HISTORICAL BACKGROUND OF GEOMETRY
Category : History Essays, Math Samples
HISTORICAL BACKGROUND OF GEOMETRY
Egyptians (c. 2000 - 500 B.C.)
Ancient Egyptians demonstrated a practical knowledge of geometry through surveying and construction projects. The Nile River overflowed its banks every year, and the river banks would have to be re-surveyed. In the Rhind Papyrus, pi is approximated.

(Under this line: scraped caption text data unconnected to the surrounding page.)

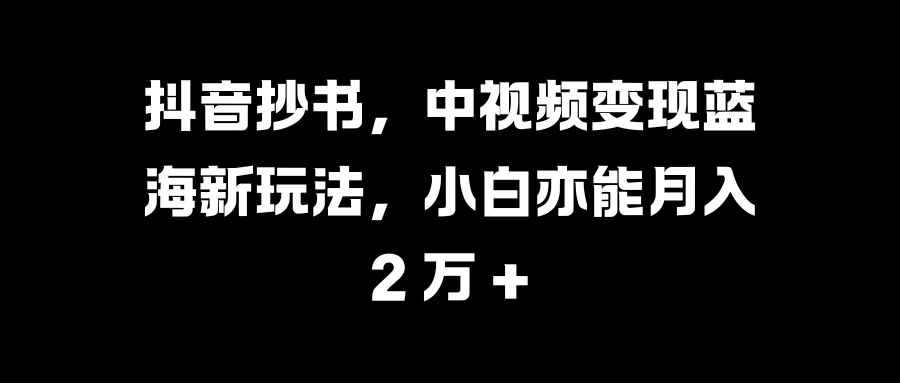 抖音抄书，中视频变现蓝海新玩法，小白亦能月入 2 万 +-资源之家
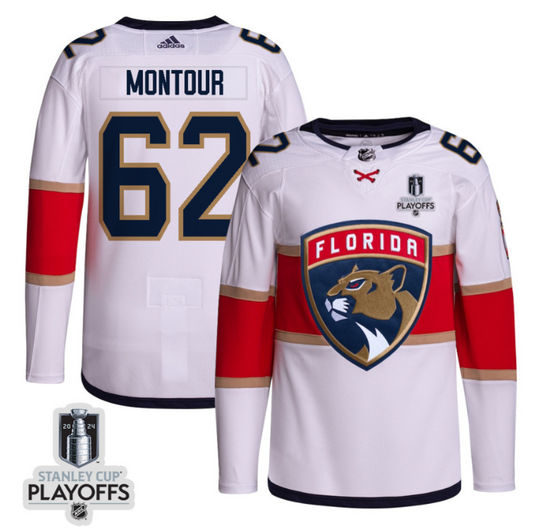 Brandon Montour 62 Florida Panthers 2024 NHL Playoffs Patch Away Jersey Customized - Men, White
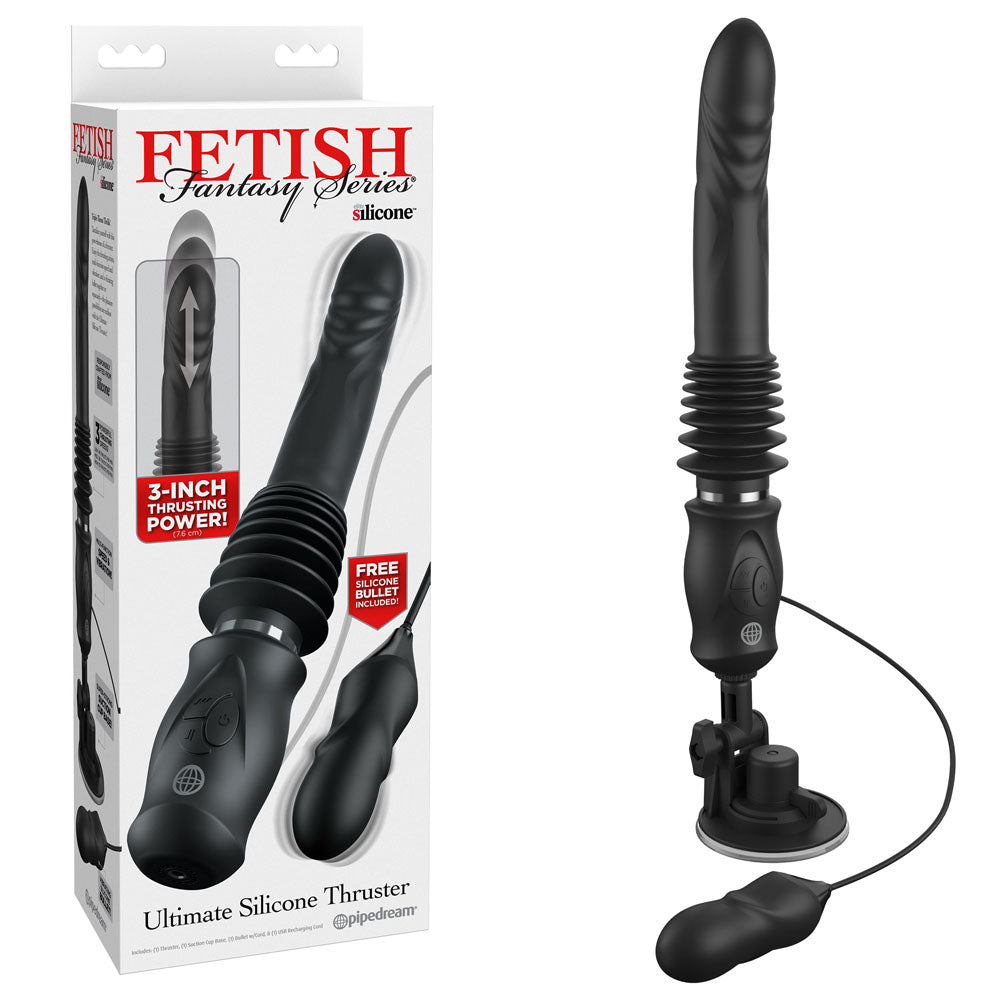 FFS Ultimate Silicone Thruster -  -  USB Rechargeable Thrusting Vibrator in packaging with bullet attachment.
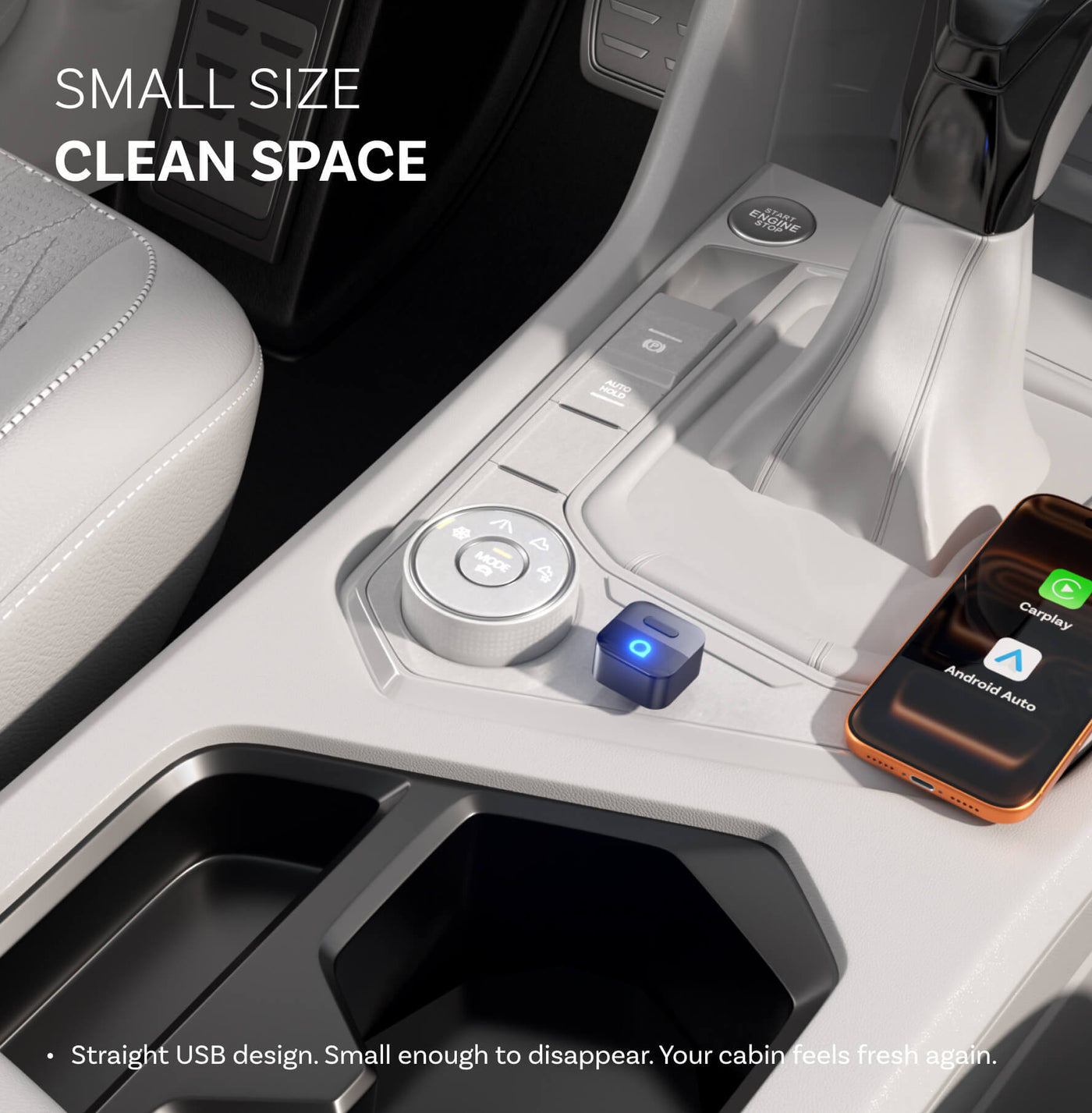 Adaptateur automatique sans fil CarPlay/Android Ottocast Mini Pico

The Egyptians did not separate geometry into a
separate field of study, but rather combined it with arithmetic to solve
practical problems. Most of what historians know about Egyptian geometry comes
from two major works, the
Moscow Papyrus , now displayed in Moscow, and the Rhind Papyrus, discovered in 1858 by Henry Rhind. Created around 1700 B.C., these writings contain mathematical and geometric problems and their solutions. These problems mainly dealt with business and administrative pro blems and were used more of as a handbook, rather than a paper that provided proofs or justifications. The Rhind Papyrus contained 85 problems and the Moscow papyrus had 25 problems.
Much of the portion of the
Papyruses devoted to geometry dealt with
problems dealing with measurement. The authors did not explain how
the answer was arrived it, just how to solve the problem. Three
particular areas of interest from these works include finding the area of
a circle, the Pythagorean theorem, and measuring volume.
Finding the Area of a Circle
Problems 41-43, 48, and 50 of the Rhind
Papyrus dealt with finding the
area of a circle. According to the Egyptians, the area of a circle is the
same as the square that is semi-inscribed in it.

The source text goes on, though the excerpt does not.